As efemérides online são sempre mais bonitinhas do que na
vida real. A gente ama um textão emocionado sobre a importância do Natal, do
Dia das Mães, uma comoção coletiva, enfim. (Bom, eu adoro. Não sei você.)
No último domingo, o Dia do Professor foi temática para
mensagens contundentes sobre a profissão mais importante do mundo, essa aí que
não deveria, mas acaba sendo um sacerdócio: a de mestre.
Como aluna capeta que fui, achei bem feito eu ter virado
professora aos vinte e poucos anos. Não estava muito nos meus planos, mas me
fez criar a convicção de que a situação dos professores só teria chances de
melhorar caso todos os cidadãos fossem obrigados a cuidar de uma sala de aula em
algum momento na vida. Se eu fosse política, faria esse projeto de lei.
É tão bonito passar de algoz a presa, rapaz! Nunca vou
esquecer de quando fiquei responsável por uma classe com alunos entre 10 e 12
anos.
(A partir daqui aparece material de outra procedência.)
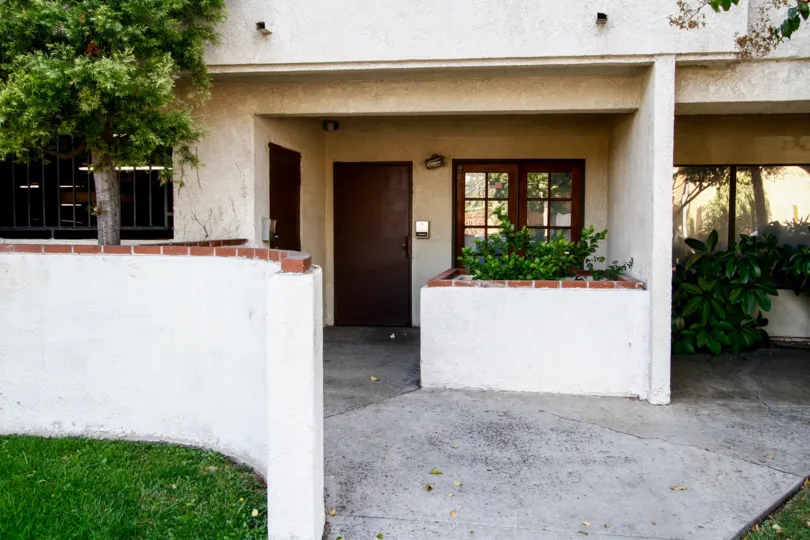 The entrance into 6323 Reseda Blvd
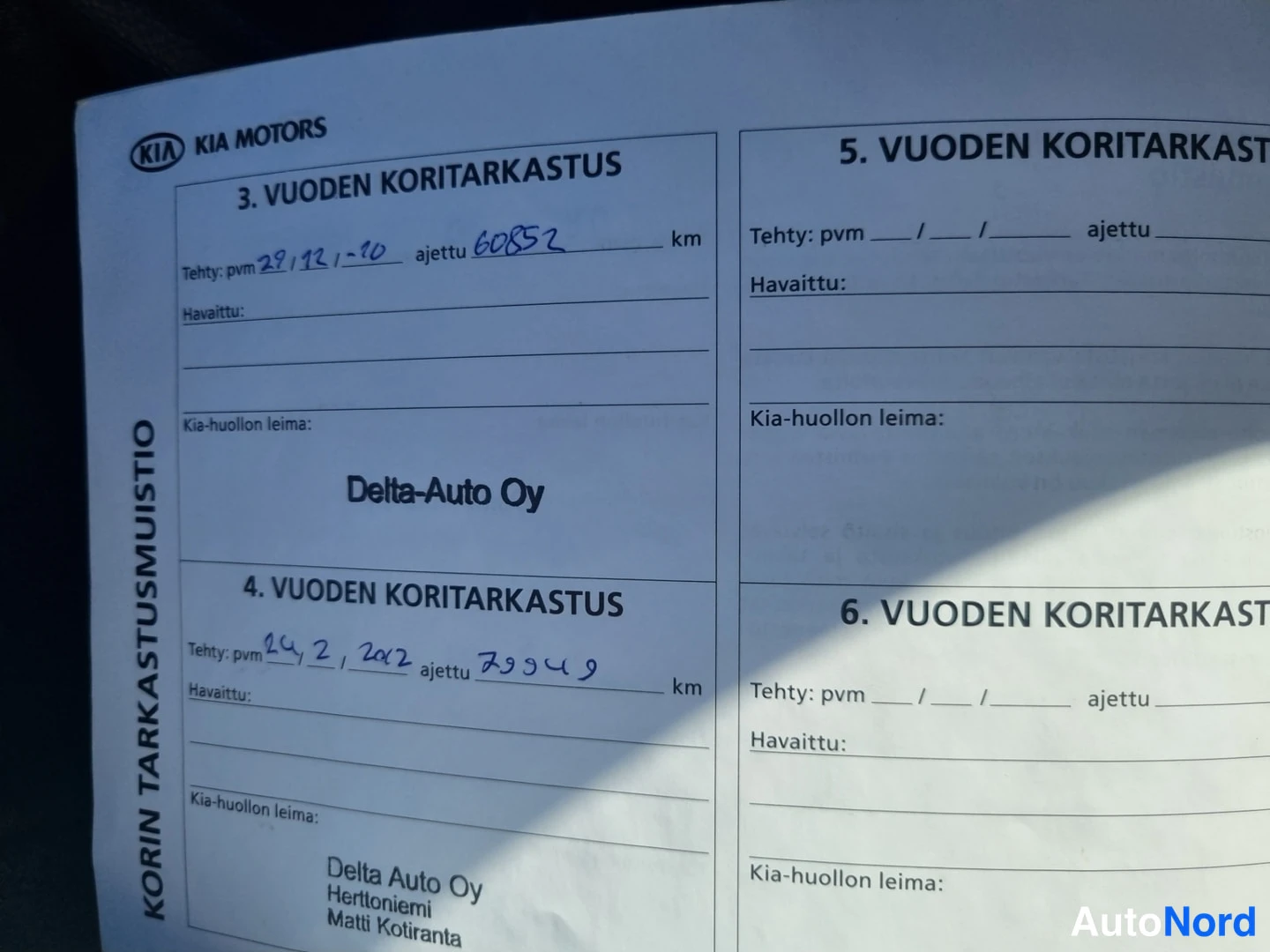 Asiakirja: Kia Motors -huoltokirjan sivu, jossa kolmen ja viidennen vuoden koritarkastuksen kohdat; kolmen vuoden kohtaan merkitty pvm 29.12.2010 ja 60852 km, leima Delta-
Muito bom, adoro adolescentes. Eles também me adoravam, acho: pediam para
continuar comigo no semestre seguinte, no outro e no outro. Mas nem todos os
dias foram marcados por essa vibe Sociedade dos Poetas Mortos.
Obviamente, chegou o momento em que me aconteceu o
inevitável como professora. Um grupinho de estudantes começa a cochichar e
rir muito enquanto te olha fixamente. Você lá, falando de verbos irregulares.
Dois alunos, logo três. Mais risadas. Três, logo quatro. Pedi calma e foco aos
meninos educadamente. Preciso dizer que não funcionou?
Dilema: no momento em que topei dar aulas e antes mesmo de
entrar na primeira delas, jurei para mim mesma que jamais seria opressora. Não
acredito muito em hierarquias e menos ainda como método para ensinar alguma
coisa, mas quem disse que eu sou esperta? O resultado disso foi travar o
Nintendo no tablado lá, sem saber se o melhor seria continuar a explicação ou
sair correndo para checar se tinha alface no dente, meleca no nariz, peito
saindo do sutiã, remela no olho, aranha no cabelo. Cara, eu tinha uns 24 anos,
dois piercings no nariz, era malandra pra caramba e estava sofrendo bullyin g
de gente com metade da minha idade.
Isso não aconteceu uma nem duas vezes e certamente é o menor
dos problemas que professores enfrentam em sala de aula. Mas é tão simbólico,
como disse este amigo aqui:
Tem professor que não tem nem segurança garantida para dar
aula, não tem material, não tem sala, mas tá lá. E quem respeita professor?
A comunidade é que não. Poucas escolas pagam o tempo que eles gastam
em casa preparando aulas ou corrigindo pilhas de provas (umas várias recheadas
de gracinhas), poucos pais tratam os docentes como algo mais do que
funcionários responsáveis por dar a educação que os alunos deveriam ter
recebido em casa, tudo isso aí que a gente já tá careca de saber — a menos que
pintem uma peruca com Bic em nossas cabeças.
Antes tarde do que mais tarde ainda, eu gostaria de
parabenizar a todos que, ao contrário de mim, não desistiram. Mais do que não
desistir da profissão, o professor é um cara que não desiste das pessoas. E se
tem uma coisa que beira o impossível e o inacreditável ultimamente é isso. Meus
parabéns a todos, todos os dias. No próximo 15 de outubro a gente compensa a
zoeira com um textão, um chocolate ou uma maçã.